* [Exercise objective] Give again, unaltered, the lines of the listing below that run from the line having "Click on Junk Email, then" through the line having "Tableau performs a".
***** Data for processing *****
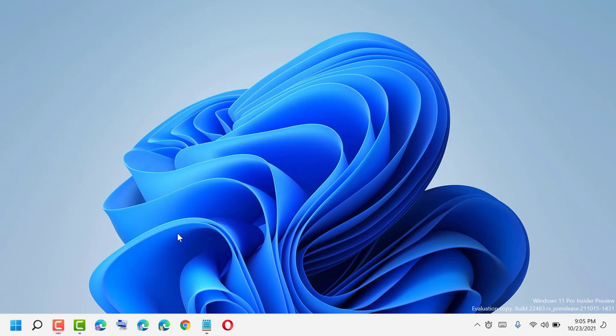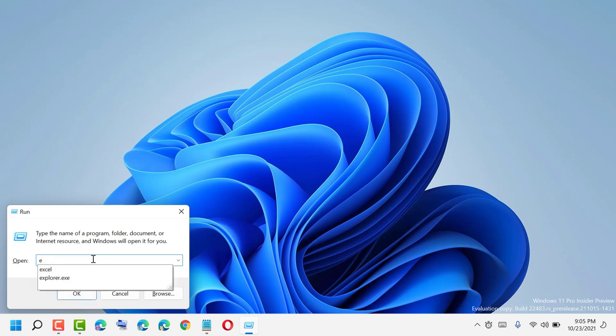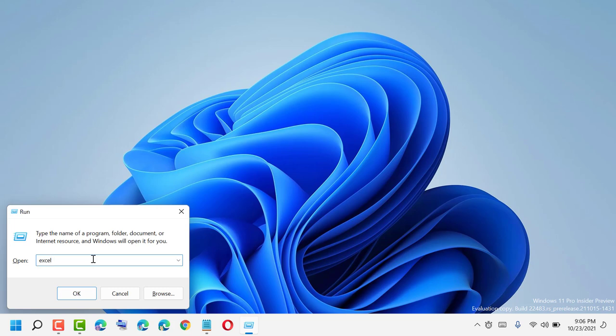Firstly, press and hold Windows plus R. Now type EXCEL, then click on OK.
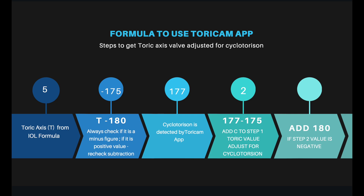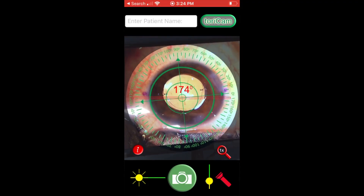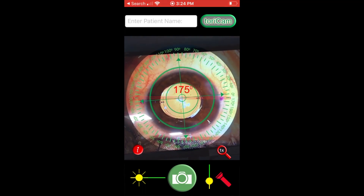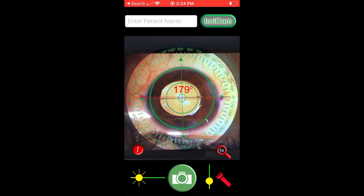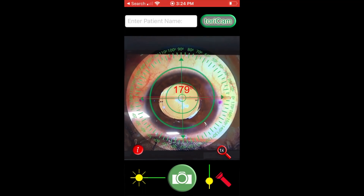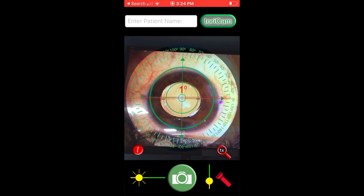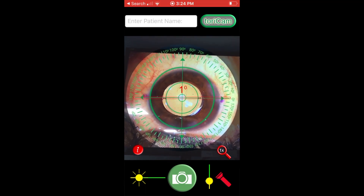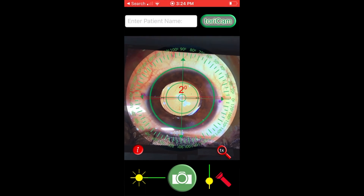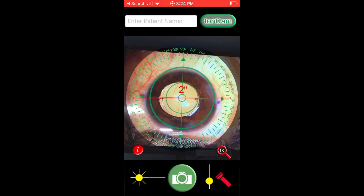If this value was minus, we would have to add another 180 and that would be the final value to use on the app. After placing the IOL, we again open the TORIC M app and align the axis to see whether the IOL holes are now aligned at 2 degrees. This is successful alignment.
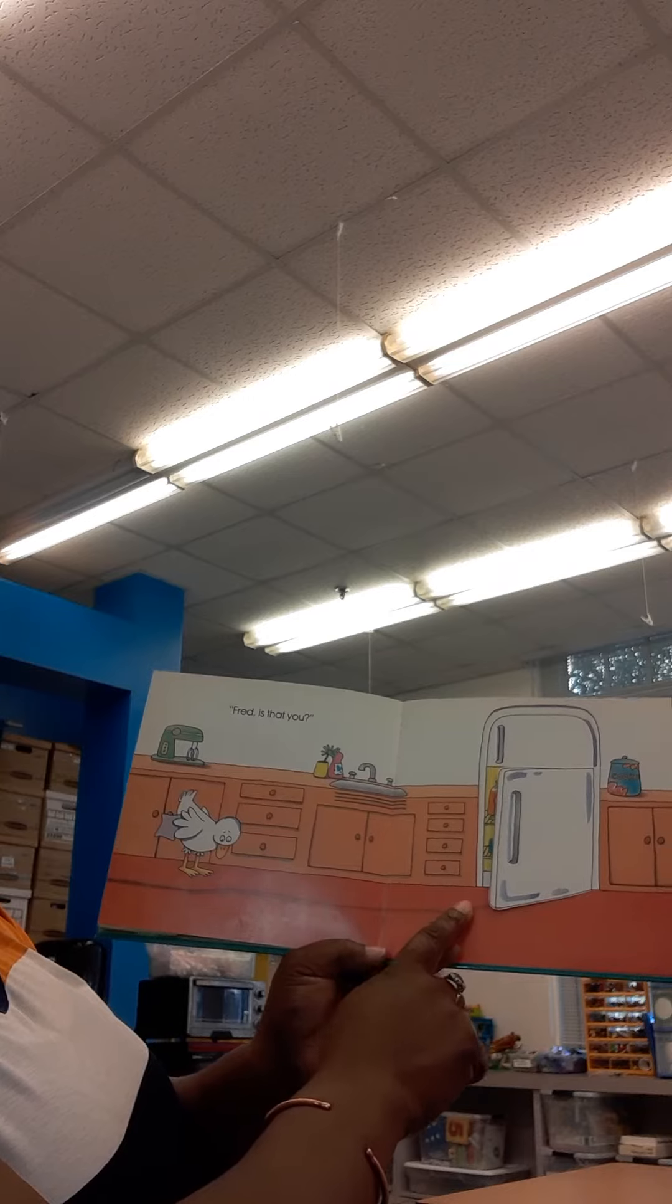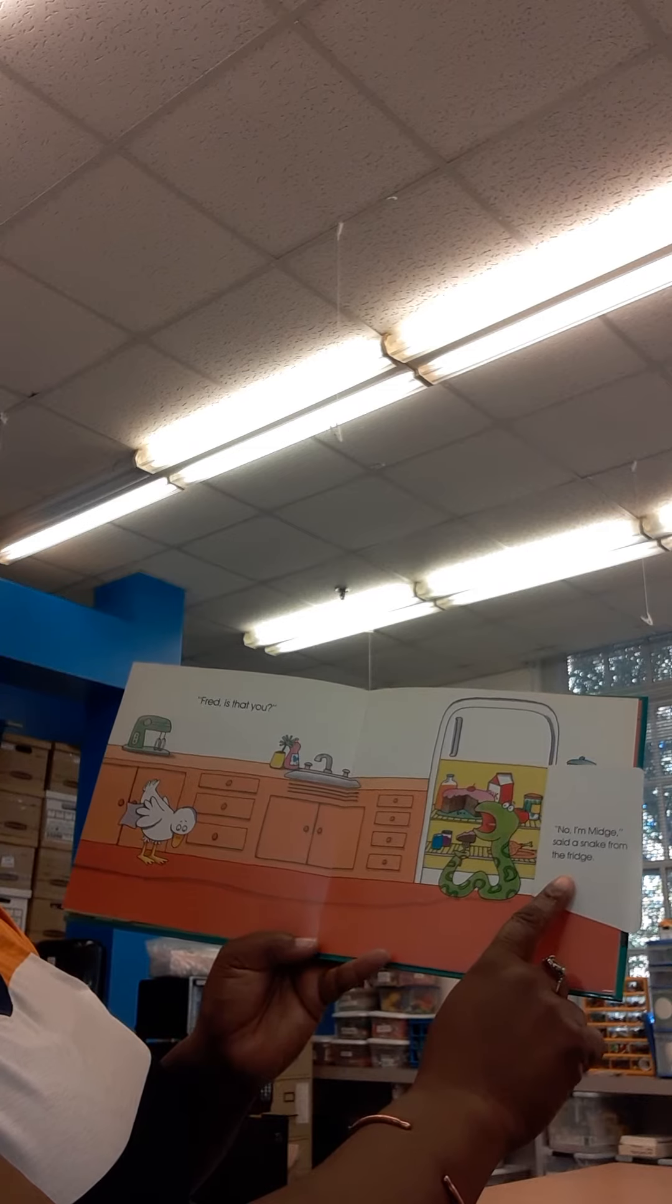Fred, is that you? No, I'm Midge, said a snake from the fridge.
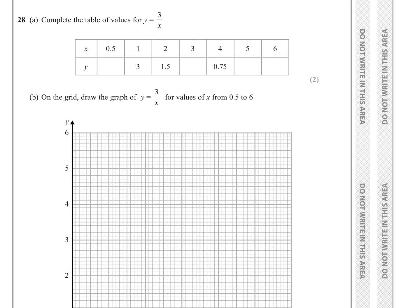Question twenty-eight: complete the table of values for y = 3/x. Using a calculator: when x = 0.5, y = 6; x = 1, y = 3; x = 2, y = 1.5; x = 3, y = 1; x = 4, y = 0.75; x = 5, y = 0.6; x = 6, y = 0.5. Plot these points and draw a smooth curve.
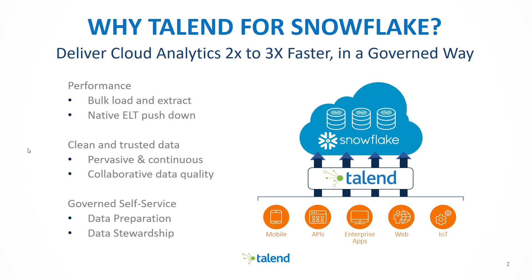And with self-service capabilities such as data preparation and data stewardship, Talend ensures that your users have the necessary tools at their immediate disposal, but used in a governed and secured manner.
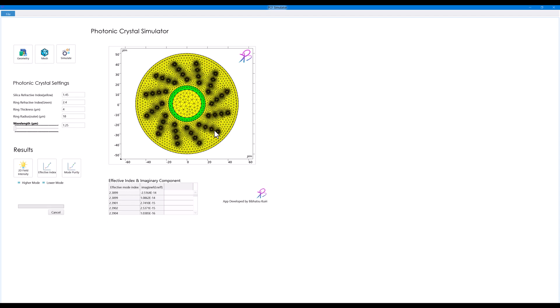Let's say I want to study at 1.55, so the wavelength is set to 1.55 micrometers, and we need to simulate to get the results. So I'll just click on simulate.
*****
***** Data for processing *****
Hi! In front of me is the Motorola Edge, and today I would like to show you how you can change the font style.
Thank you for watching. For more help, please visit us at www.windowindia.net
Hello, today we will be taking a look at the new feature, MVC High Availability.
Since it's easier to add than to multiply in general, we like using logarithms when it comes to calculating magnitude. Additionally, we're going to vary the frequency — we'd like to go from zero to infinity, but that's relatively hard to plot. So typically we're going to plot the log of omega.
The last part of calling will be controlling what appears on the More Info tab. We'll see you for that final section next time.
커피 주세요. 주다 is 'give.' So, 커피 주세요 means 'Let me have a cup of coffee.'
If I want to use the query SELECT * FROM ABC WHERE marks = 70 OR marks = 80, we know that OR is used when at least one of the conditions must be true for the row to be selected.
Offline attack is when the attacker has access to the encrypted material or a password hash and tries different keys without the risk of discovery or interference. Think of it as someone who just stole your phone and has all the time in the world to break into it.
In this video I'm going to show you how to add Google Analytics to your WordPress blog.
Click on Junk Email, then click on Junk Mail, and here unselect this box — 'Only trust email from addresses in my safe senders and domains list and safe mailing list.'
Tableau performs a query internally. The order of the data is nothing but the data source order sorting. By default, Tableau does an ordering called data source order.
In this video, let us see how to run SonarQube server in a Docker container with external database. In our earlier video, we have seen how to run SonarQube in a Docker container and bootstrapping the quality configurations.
*****
* [Task result]
Click on Junk Email, then click on Junk Mail, and here unselect this box — 'Only trust email from addresses in my safe senders and domains list and safe mailing list.'
Tableau performs a query internally. The order of the data is nothing but the data source order sorting. By default, Tableau does an ordering called data source order.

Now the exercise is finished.